ACTIVITY
Copy each line, word for word, from the one with "Traralgon East, Victoria Polygon Area Map" through the final line of the listing, but skip the pictures.

*** Opening of GIVEN MATERIAL ***

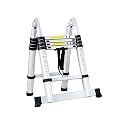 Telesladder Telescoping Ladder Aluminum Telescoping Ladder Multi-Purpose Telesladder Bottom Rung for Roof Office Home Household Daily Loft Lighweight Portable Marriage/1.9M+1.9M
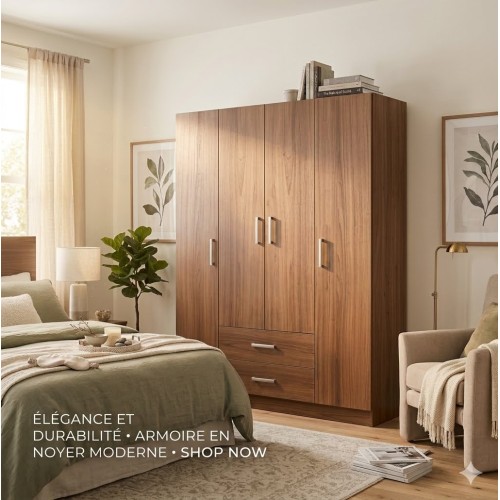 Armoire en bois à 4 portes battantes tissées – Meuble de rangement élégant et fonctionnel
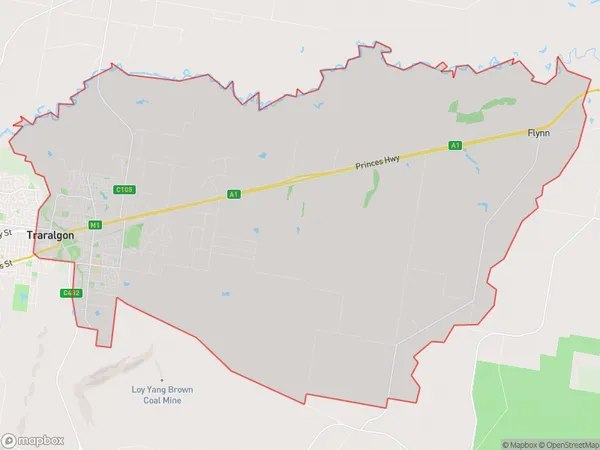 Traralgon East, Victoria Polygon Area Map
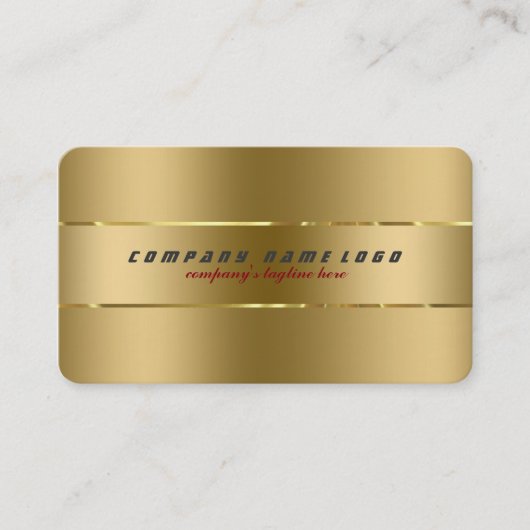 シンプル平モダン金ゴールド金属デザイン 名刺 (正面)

*** Close of GIVEN MATERIAL ***

ANSWER SPACE
 Traralgon East, Victoria Polygon Area Map
 シンプル平モダン金ゴールド金属デザイン 名刺 (正面)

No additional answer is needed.